Mesures d’atténuation et stratégies de riposte et de relance

En 2016, avec l’avènement du régime de la rupture conduit par le président Patrice Talon, le secteur cotonnier béninois va très vite se métamorphoser. L’or blanc devient tout de suite l’une des forces sur laquelle le jeune gouvernement compte pour révolutionner l’économie nationale. Au lendemain du lancement du Programme d’action du gouvernement (Pag), la gestion de la filière coton a été entièrement transférée sur le secteur privé. La commercialisation des dérivés du coton est désormais assurée par les entreprises privées d’égrenage du coton graine, ce qui préserve l’État de certains aléas. Par ailleurs, le fonctionnement des marchés de placement de la fibre de coton offre des mécanismes d’atténuation de certains aléas. Les contrats de placement sont “à terme” et les placements sont effectués plusieurs mois avant la récolte. Cette flexibilité permet de contourner les fluctuations de prix de durées relativement réduites. Aussi, les traders ont-ils la possibilité de différer leurs opérations pour des raisons conjoncturelles. Des négociations hors marché sont également possibles entres anciens clients, ce qui permet d’obtenir des prix plus alléchants que les prix officiels. Ces mécanismes pourraient, précise l’édition 2023 du document sur la déclaration des risques budgétaires, expliquer l’impact relativement faible du risque de fluctuation du cours du coton sur les recettes d’exportation des sociétés et par ricochet sur les recettes budgétaires qui en découleraient. Pour protéger les producteurs qui constituent le maillon essentiel mais vulnérable de la filière, un fonds de réserve a été mis en place par le gouvernement. Ce fonds est financé par les réserves stratégiques de l’Association Interprofessionnelle du Coton (AIC).

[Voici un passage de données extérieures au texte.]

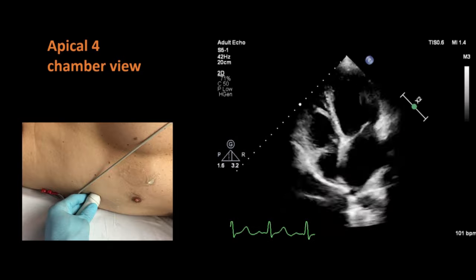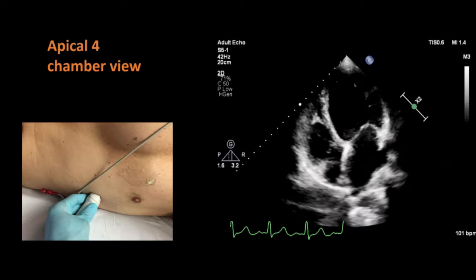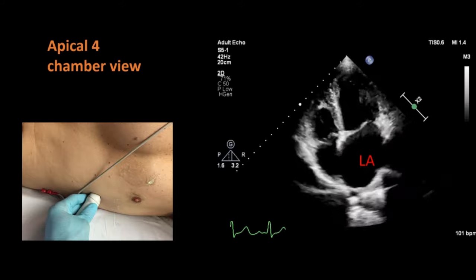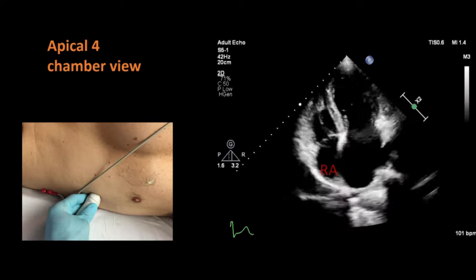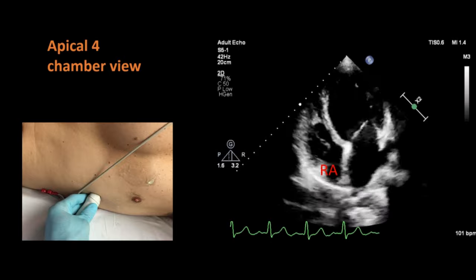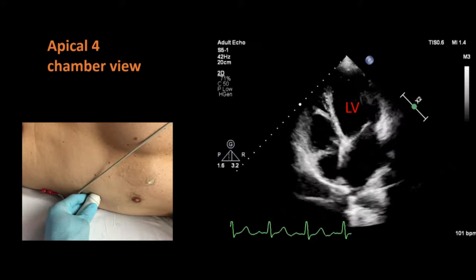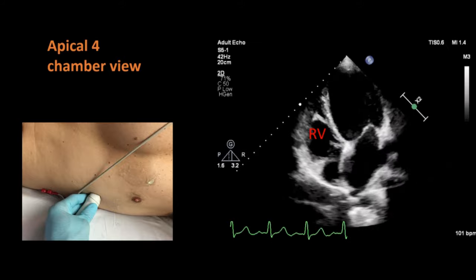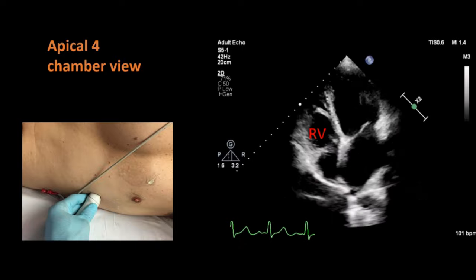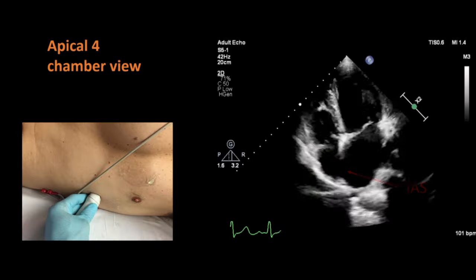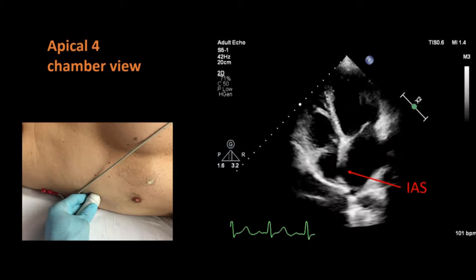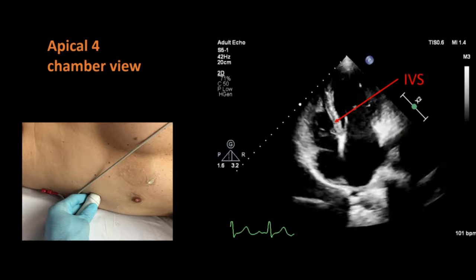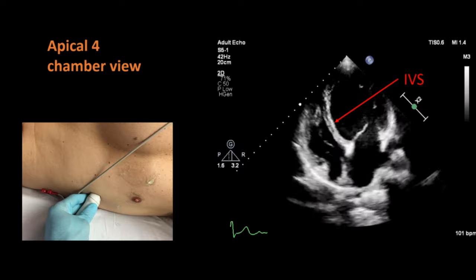In the apical 4-chamber view, as the name suggests, we can see all four chambers of the heart. This is the left atrium, then the right atrium, this is the left ventricle, and here is the right ventricle. The inter-atrial septum separates the right and left atria, whereas the interventricular septum separates both ventricles.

Par ailleurs, sur le plan local, le Bénin a pris des mesures significatives pour transformer sa production cotonnière, renforçant ainsi son statut de leader dans la production de coton en Afrique. La création de la Zone Économique Spéciale de Glo-Djigbé-Zè (GDIZ) a été une étape cruciale dans cette entreprise. Cette zone a attiré de nombreux investisseurs avec 32 d’entre eux déjà implantés et engagés dans divers secteurs tels que le textile et la transformation agricole. Grâce à ces investissements et aux équipements disponibles dans la GDIZ, le Bénin a les moyens de traiter le coton brut sur place, augmentant ainsi considérablement la part de la fibre de coton transformée localement. Actuellement, indique le document, seulement 1% de la production nationale annuelle de coton est transformé sur place, mais avec les trois usines en développement dans la GDIZ, cette part devrait passer à 12,7% par an. De plus, ce projet ambitieux prévoit également la transformation des graines de coton en huile de coton, ce qui renforcera davantage la capacité de transformation locale du Bénin. Ces initiatives résultent d’une politique agricole dynamique et d’un partenariat fructueux entre le gouvernement béninois et des acteurs privés, tels qu’Arise.

Rappelons qu’en vue de renforcer sa résilience en réduisant significativement le niveau d’exposition aux aléas du marché international du coton fibre, le Bénin a renforcé ses efforts de diversification des revenus d’exportation grâce à la promotion de nouvelles spéculations telles que le soja et les noix d’anacarde.